Fighting Malicious Designs: Towards Visual Countermeasures Against Dark Patterns
Short Paper at ACM CHI '24
by René Schäfer, Paul Preuschoff, René Röpke, Sarah Sahabi, and Jan Borchers
Abstract
Dark patterns are malicious UI design strategies that nudge users towards decisions going against their best interests. To technical countermeasures against them, dark patterns must be automatically detectable. While researchers have devised algorithms to detect some patterns automatically, there has only been little work to use obtained results to technically counter the effects of dark patterns when users face them on their devices. To address this, we tested three visual countermeasures against 13 common dark patterns in an interactive lab study.

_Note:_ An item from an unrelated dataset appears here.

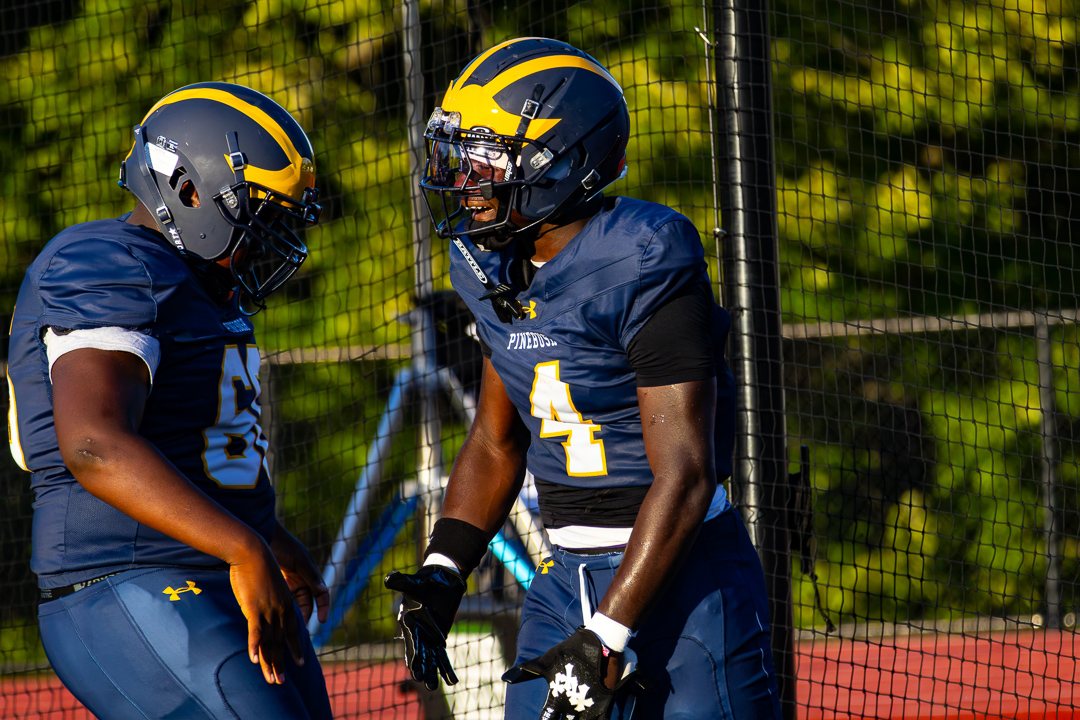 Football: Pine Bush players celebrate after a play against Warwick &mdash; photographed by Chase Plowden for 845 Sports Rewind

The countermeasures we tested either (a) highlighted and explained the manipulation, (b) hid it from the user, or (c) let the user switch between the original view and the hidden version. From our data, we were able to extract multiple clusters of dark patterns where participants preferred specific countermeasures for similar reasons. To support creating effective countermeasures, we discuss our findings with a recent ontology of dark patterns.
Publications
- René Schäfer, Paul Preuschoff, René Röpke, Sarah Sahabi and Jan Borchers. Fighting Malicious Designs: Towards Visual Countermeasures Against Dark Patterns. In Proceedings of the 2024 CHI Conference on Human Factors in Computing Systems, CHI' 24, pages 13, Association for Computing Machinery, New York, NY, USA, May 2024.